The tragedy is not primarily the death of Abel. Weep not for him. His blood still speaks. His soul yet lives. The Lord’s regard for Abel has not changed. Abel depended on the mercy of God. He lived by faith. He died in faith. As Hebrews says, “By faith Abel offered to God a more acceptable sacrifice than Cain, through which he was commended as righteous, God commending him by accepting his gifts. And through his faith, though he died, he still speaks.”

Abel is among the living witnesses. Abel survives. Though he received the worst man can do to another, yet he lives a redeemed child of God, washed in the blood of Christ’s sacrifice his offering signified.

Note the paradox: the one whose blood was shed lives, yet the survivor’s fate is worse than death. Void of repentance or trust, Cain is driven from the ground, a fugitive and wanderer on the earth. He is dead to God, unresponsive to God's continued providence and without even the satisfaction of justice. Cain cannot even argue, “I paid my debt of an eye for an eye” because he remained unmolested under God's mark.

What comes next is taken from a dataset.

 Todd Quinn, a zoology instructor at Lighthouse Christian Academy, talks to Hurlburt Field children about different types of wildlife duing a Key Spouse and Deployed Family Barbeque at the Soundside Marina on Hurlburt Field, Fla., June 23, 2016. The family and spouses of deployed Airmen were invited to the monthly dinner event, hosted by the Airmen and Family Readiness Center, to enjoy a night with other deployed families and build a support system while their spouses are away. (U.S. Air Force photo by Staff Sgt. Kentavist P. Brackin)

He did this to himself. The carnage was self-inflicted. Such is the ruin of sin, by sin, to the effect of sin which is death.

What hope then is there for us who have not been our brother’s keeper? Is there a cure for the self-inflicted, slow suicide of sin?

Our deliverance is in the narrative of the other brother, the brother who surrenders his life voluntarily, a brother of the same flesh and blood as we, the mediator of a new covenant whose blood speaks a better word than the blood of Abel (Heb. 12:24).

Again we have a paradox. From the death of this brother comes life to us. This time it’s not death by the hand of our brother, but life by the pierced hands and dying of our brother. His blood covers the earth.

At first this strikes people as absurd because death is the end of life. But not in the death of this brother. The death of this brother is the beginning of life for us. This brother is Jesus Christ. We are guilty of his murder. Our sins robbed him of his life. Our iniquities, as dreadful as Cain’s, were laid on him, yet by his wounds we are healed.

Abel’s blood cried for retribution, but Jesus’ blood cries for mercy. “Abel’s blood for vengeance pleaded to the skies; but the blood of Jesus for our pardon cries.”

Cain, though he was guilty was spared sevenfold vengeance. Jesus, though innocent was condemned an hundred-fold. Cain complained of punishment greater then he could bear. But our brother Jesus never complained of the punishment he bore in silent anguish, not out of his own iniquity but from all the evils of all his brothers. Cain rose up against his brother. Jesus was raised up in favor of his brothers; raised in death upon a cross and raised again in life upon His Word.

Sin’s grip is broken. Our self-inflicted wounds are healed.